Even as relations sour between Russia and Ukraine, Russian-Ukrainian defense-industrial cooperation remains very important for both countries. They both stand to lose if it wanes.

Link Copied
By Alexey Arbatov and Vladimir Dvorkin
Published on May 25, 2014

Source: Foreign Affairs

The upheaval in eastern and southern Ukraine comes with a hidden cost for one of the region’s little-known success stories: the close ties between the Russian and Ukrainian defense industrial bases. In late March, Yuri Tereshenko, the head of Ukraine’s state-controlled defense-industrial conglomerate Ukroboronprom declared that Kiev planned to curtail its military and technical cooperation with Russia in response to Russia’s annexation of Crimea. A month later, Russian President Vladimir Putin shot back. At a May meeting with defense industrial managers and top military commanders, he said, “We need to do our utmost for anything used in our defense sector to be produced on our territory, so that we are not dependent on anyone.” It is hard to overstate how disruptive it could be if Tereshenko and Putin get their way: decades of cooperation in a vast industry originally developed will come to an end.

Legacy Business

After a crash start under the first five-year industrial plan in the 1930s, the Soviet armament industry expanded dramatically in the decades that followed, giving rise to a scientifically complex and geographically distributed sector. By the end of the 1980s, Ukraine housed 30 percent of the Soviet-era defense industry. It was home to some 750 factories and 140 scientific and technical organizations. At that time it employed approximately 1.5 million people.
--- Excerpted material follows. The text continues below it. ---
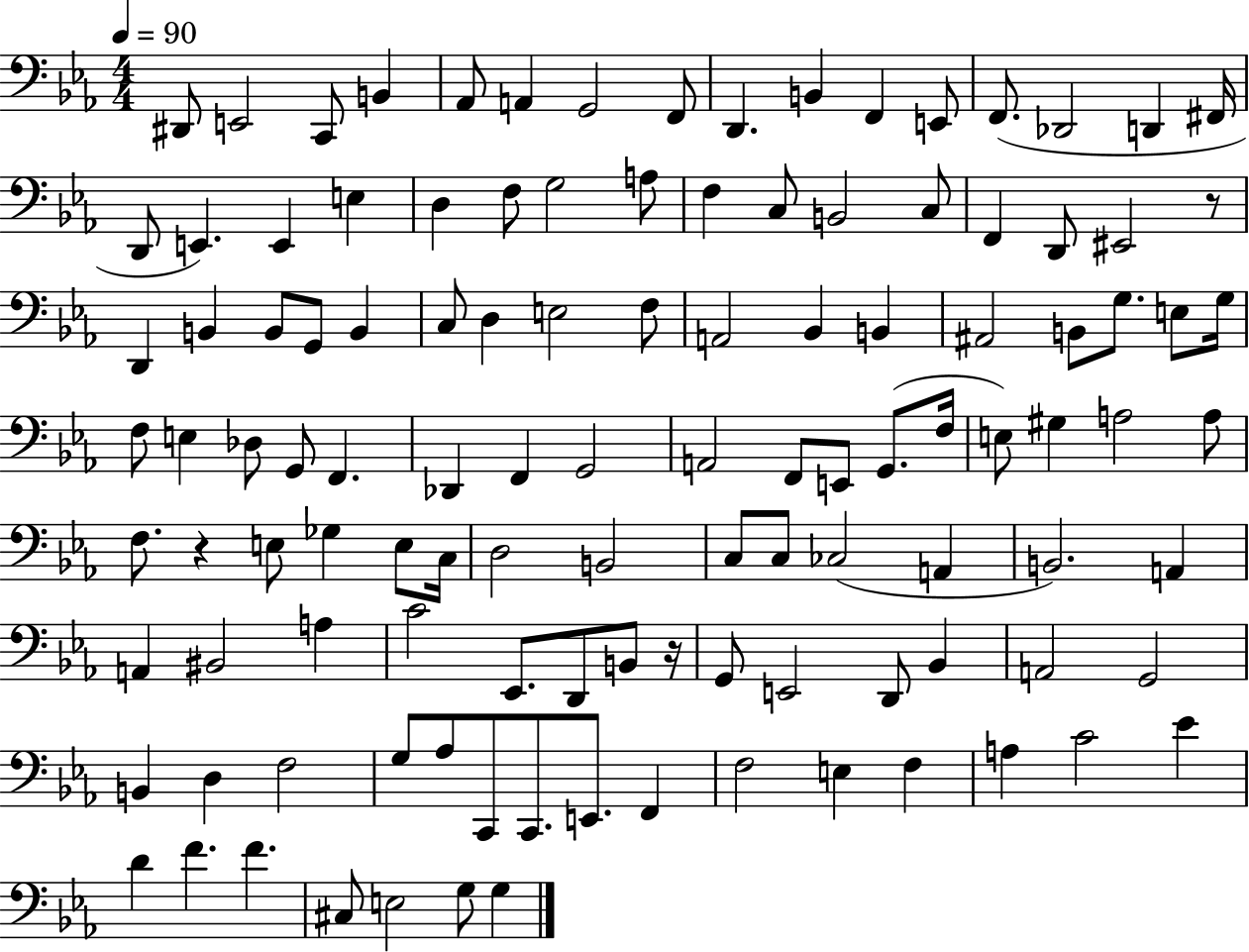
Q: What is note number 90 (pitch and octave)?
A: A2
The breakup of the Soviet Union in 1991 dealt a heavy blow to all sectors of Soviet industry. But it was a true catastrophe for the military-industrial complex. Practically overnight, the economic sector that had turned the country into a military superpower on par with the United States fractured. A complicated and multi-layer production chain was suddenly scattered over several countries. 
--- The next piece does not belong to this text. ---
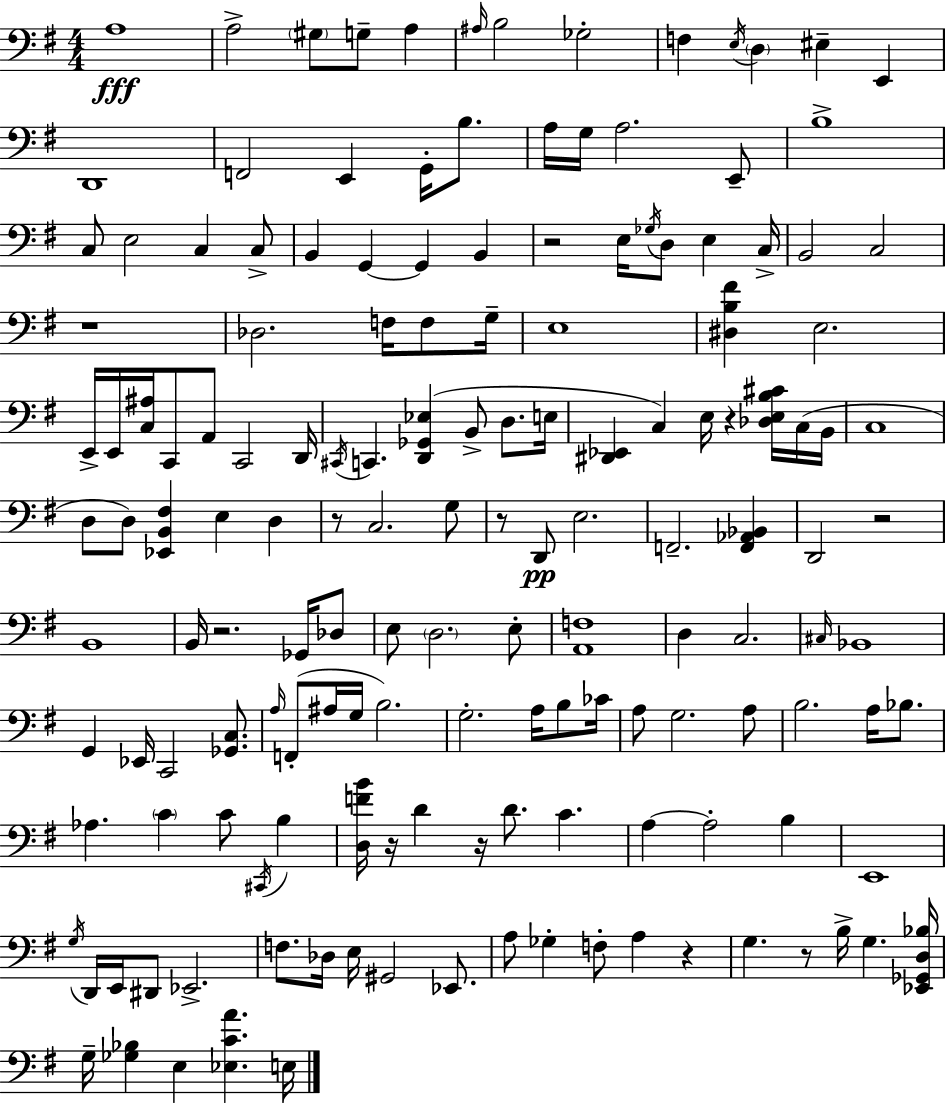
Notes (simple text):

Realizing the disaster on their hands, as the union was breaking apart, the Russian and Ukrainian governments attempted to preserve military-industrial cooperation and establish sustainable commercial ties. This was especially important for Ukraine, since, at the time, more than 70 percent of Ukrainian defense enterprises depended on components from Russian factories. Meanwhile, 20 percent of Russian defense enterprises depended on Ukraine. Over the coming decade, the two countries signed several agreements intended to encourage defense-industrial cooperation, keep employment up in the factories in both countries, and jointly produce weapons for export (a key source of hard currency for both countries) and for their own armed forces.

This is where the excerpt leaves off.